The following accessor functions are available before running the solver:

void LevelSet::initializeVertices(std::vector<float> values);
void LevelSet::initializeAdvection(std::vector<point> values);
void LevelSet::initializeMesh();

The following accessor functions are available after running the solver:

std::vector < float > LevelSet::getResultAtIteration(size_t i);
size_t LevelSet::numIterations(); 

You can also access the results and the mesh directly after running the solver:

TetMesh * LevelSet::tetMesh_;
TriMesh * LevelSet::triMesh_;
// AND
std::vector < std::vector < LevelsetValueType > > LevelSet::time_values_;

LevelSet Options

  class LevelSet {
      bool verbose_;                    //option to set for runtime verbosity [Default false]
      std::string filename_;            //the input tet mesh filename         [Default ../src/test/test_data/sphere334
      int partitionType_;               //0 for unstructured, 1 for square    [Default 0]
      int numSteps_;                    //The number of timed steps to take   [Default 10]
      double timeStep_;                 //The length of time for a time step  [Default 1.0]
      int insideIterations_;            //The number of inner iterations      [Default 1]
      int blockSize_  ;                 //If structured, the block size       [Default 16]
      int sideLengths_;                 //If structured, the cube size        [Default 16]
      LevelsetValueType bandwidth_;     //The algorithm bandwidth             [Default 16.]
      int metisSize_;                   //If unstructured, # of METIS patches [Default 16]
      int isTriMesh_;                   //If this is a triangle mesh          [Default true]
      ...
  };

You will need to make sure your CMake/Makfile/Build setup knows where to point for the library and header files.

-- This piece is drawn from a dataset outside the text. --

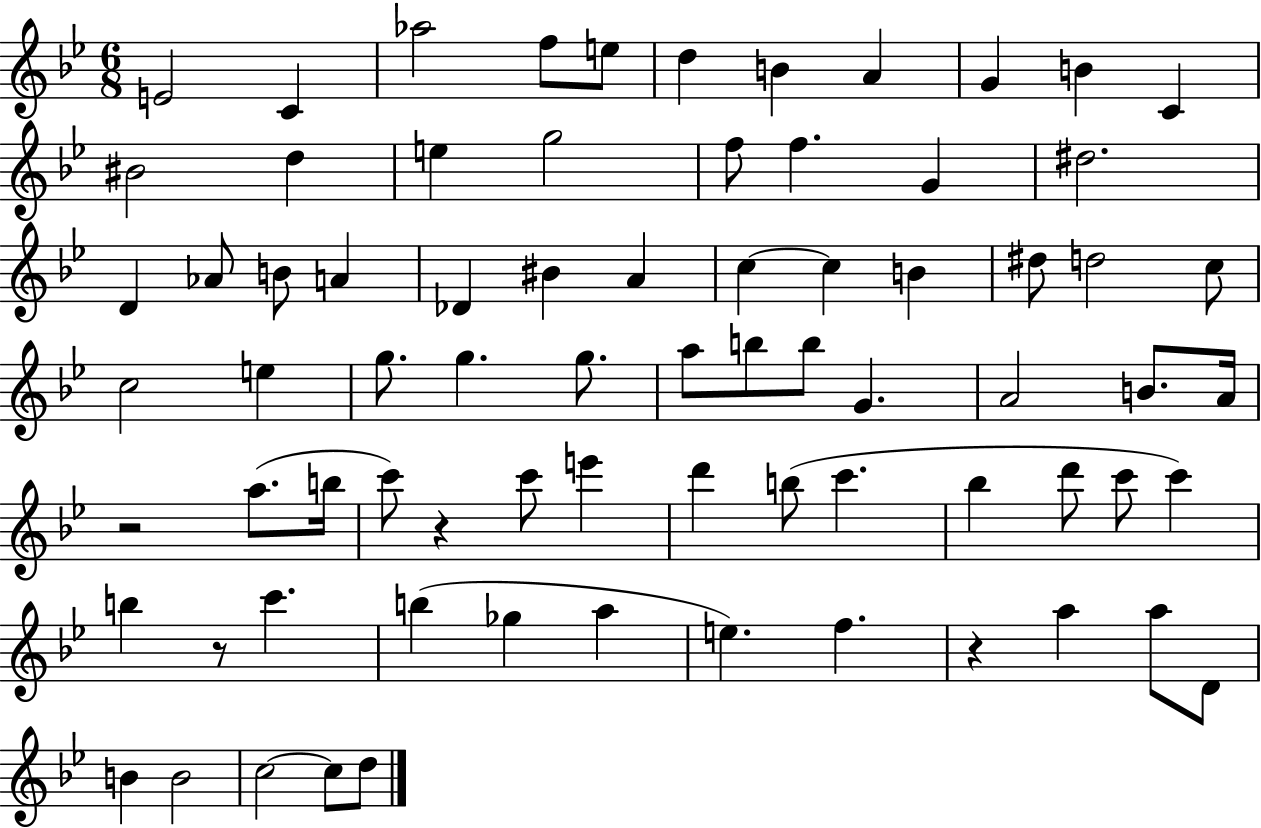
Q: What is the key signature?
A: BES major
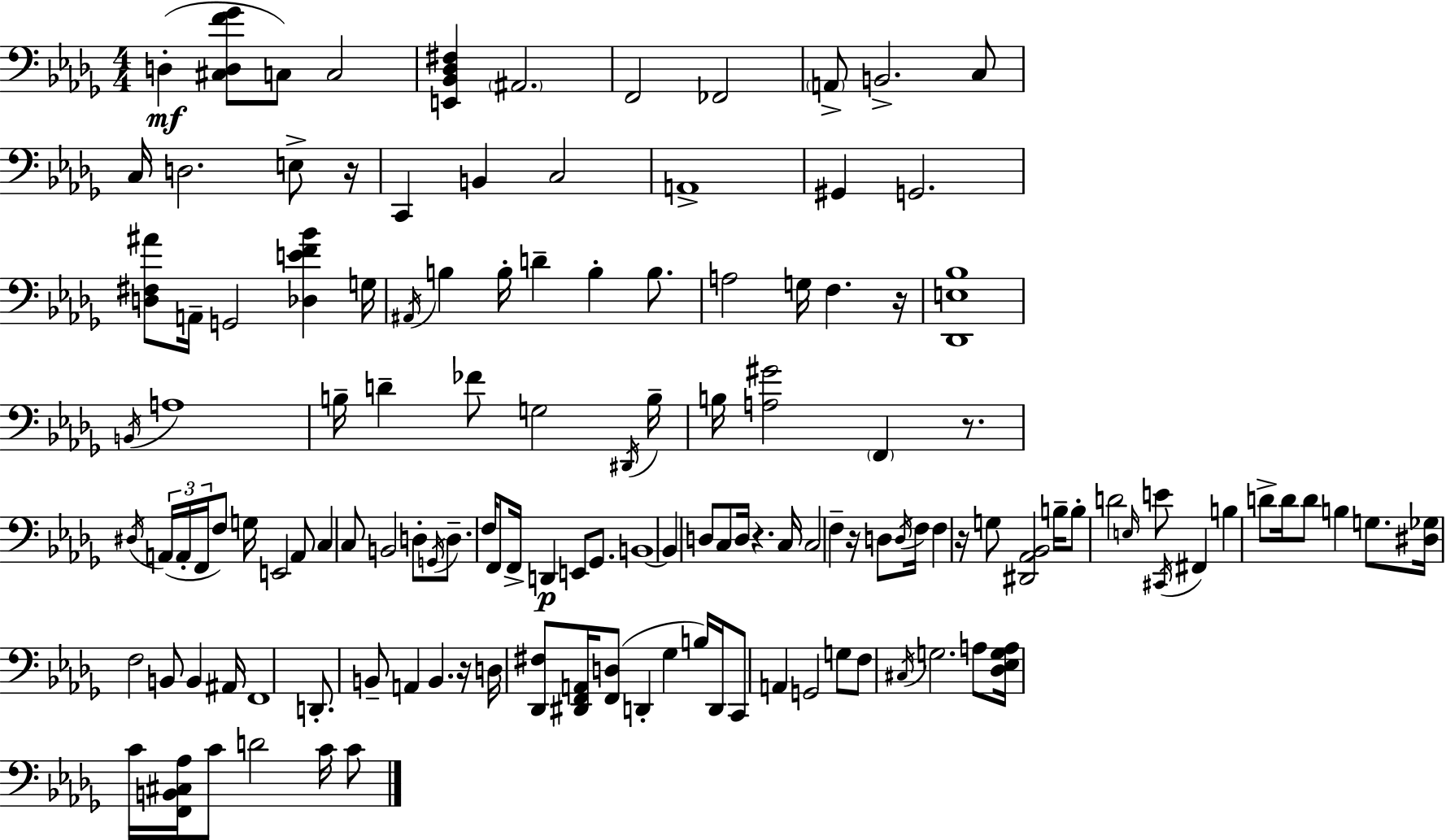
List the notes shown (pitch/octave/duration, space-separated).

D3/q [C#3,D3,F4,Gb4]/e C3/e C3/h [E2,Bb2,Db3,F#3]/q A#2/h. F2/h FES2/h A2/e B2/h. C3/e C3/s D3/h. E3/e R/s C2/q B2/q C3/h A2/w G#2/q G2/h. [D3,F#3,A#4]/e A2/s G2/h [Db3,E4,F4,Bb4]/q G3/s A#2/s B3/q B3/s D4/q B3/q B3/e. A3/h G3/s F3/q. R/s [Db2,E3,Bb3]/w B2/s A3/w B3/s D4/q FES4/e G3/h D#2/s B3/s B3/s [A3,G#4]/h F2/q R/e. D#3/s A2/s A2/s F2/s F3/e G3/s E2/h A2/e C3/q C3/e B2/h D3/e G2/s D3/e. F3/s F2/e F2/s D2/q E2/e Gb2/e. B2/w B2/q D3/e C3/e D3/s R/q. C3/s C3/h F3/q R/s D3/e D3/s F3/s F3/q R/s G3/e [D#2,Ab2,Bb2]/h B3/s B3/e D4/h E3/s E4/e C#2/s F#2/q B3/q D4/e D4/s D4/e B3/q G3/e. [D#3,Gb3]/s F3/h B2/e B2/q A#2/s F2/w D2/e. B2/e A2/q B2/q. R/s D3/s [Db2,F#3]/e [D#2,F2,A2]/s [F2,D3]/e D2/q Gb3/q B3/s D2/s C2/e A2/q G2/h G3/e F3/e C#3/s G3/h. A3/e [Db3,Eb3,G3,A3]/s C4/s [F2,B2,C#3,Ab3]/s C4/e D4/h C4/s C4/e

See the examples and their CMakeLists.txt.

Testing

The repo comes with a set of regression tests to see if recent changes break expected results. To build the tests, you will need to set BUILD_TESTING to "ON" in either ccmake or when calling CMake:

cmake -DBUILD_TESTING=ON ../src

After building, run make test or ctest in the build directory to run tests.
NOTE No regression tests have been implemented for this library yet.

Windows

The gtest library included in the repo needs to be built with forced shared libraries on Windows, so use the following:
cmake -DBUILD_TESTING=ON -Dgtest_forced_shared_crt=ON ../src

Be sure to include all other necessary CMake definitions as annotated above.